Managing any large project is a challenge. Imagine managing a project involving 15 different groups, spread across multiple university labs across the country, dealing with massive amounts of information.

This is the challenge facing the National Human Genome Research Institute, a part of the National Institutes of Health, which launched the third iteration of the ENCyclopedia Of DNA Elements (ENCODE) project early in October.

ENCODE’s goal is to expand the catalog of “functional” elements in the human genome. Those elements control how genes are expressed. For the fields of health and medicine, the catalog will ultimately help professionals better understand the genes, functional elements and “noncoding” information in our DNA.

Orchestrating the work through so many groups to accomplish that goal is a project in itself.

“The [seven] data production groups have multiple sub-groups, so coordinating them is even more complex than it appears,” said Elise Feingold She and Mike Pazin both scientist-administrators, are ENCODE’s program directors.

The previous ENCODE round recently published “one major integrated paper and 29 other affiliated papers from 442 consortium members at 32 institutions,” Feingold said. “The research groups had previously published more than 150 papers. This hints at the magnitude of the project.”

Besides the seven data production groups, which perform the fundamental research, six groups will develop new computational and statistical methods and software to analyze the researchers’ findings.

Another group will coordinate the research data and help disseminate it. Still another group will work with the researchers to perform integrated analyses of the data. The previous ENCODE round produced approximately 30 terabytes of genomic data. This new round is expected to generate at least double that amount.

To manage this consortium, “we use a number of different tools,” Feingold said. NIH research awards “are all cooperative agreements, so there is a large involvement by the program staff.” Because many of the people involved in this latest incarnation of ENCODE also participated in previous efforts, “most people know and trust each other,” she said.

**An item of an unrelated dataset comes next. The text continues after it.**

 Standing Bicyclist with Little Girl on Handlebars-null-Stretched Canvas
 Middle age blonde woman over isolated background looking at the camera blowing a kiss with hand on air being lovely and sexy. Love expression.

Even with all the virtual communication, a few real meetings occur each year. “There is no substitute for face-to-face meetings, but once you know and trust each other, you can go to telecons,” Feingold said. “We have many, many telecons.”

A Wiki internal to the project “has 741 pages, with different sections at different technological levels and on different topics, including coordination and management, data releases and standards, data coordination and other resources,” Feingold said.

ENCODE also makes use of a Facebook page and a Twitter feed.. “We are trying to tap into social media to appeal to younger people,” Feingold said. “We do as much as we can to share things virtually.” Researchers in the greater scientific community can access the genomic data at ENCODEProject.org.

“We follow the progress of the individual groups and set milestones,” said Pazin. “We have quarterly reports. We look for bottlenecks and how to work through them. Sometimes they are due to legitimate scientific reasons and sometimes they happen because people are so busy.”

When problems occur, Pazin and Feingold step in to help, but they don’t dictate solutions. “It’s much more successful when it comes from the group,” Feingold said.

But perhaps the larger question is, why perform this research through a 15-group, multi-lab consortium instead of through independent labs?

The answer speaks volumes about the way organizations are trying to advance in the age of big data.

“For researchers, the ENCODE project is an incredible data set which no one lab could have generated in a reasonable fashion,” said Dr. Kelly A. Frazer, Chief of Genome Information Sciences at the School of Medicine at the University of California-San Diego.

“Without this coordinated activity, it would have taken the average lab an incredibly long time to generate the data.”

Scientists can start their research with the ENCODE data instead of having to generate it themselves. Thus, this data’s availability “can cut a year off [research] time in many cases, and in other cases, it can cut even more time,” Frazer said.

“This … incredibly rich data set … will allow us to better understand the role human genetic variation plays in susceptibility to various diseases.”

When problems occur, Pazin and Feingold step in to help, but they don’t dictate solutions. “It’s much more successful when it comes from the group,” Feingold said.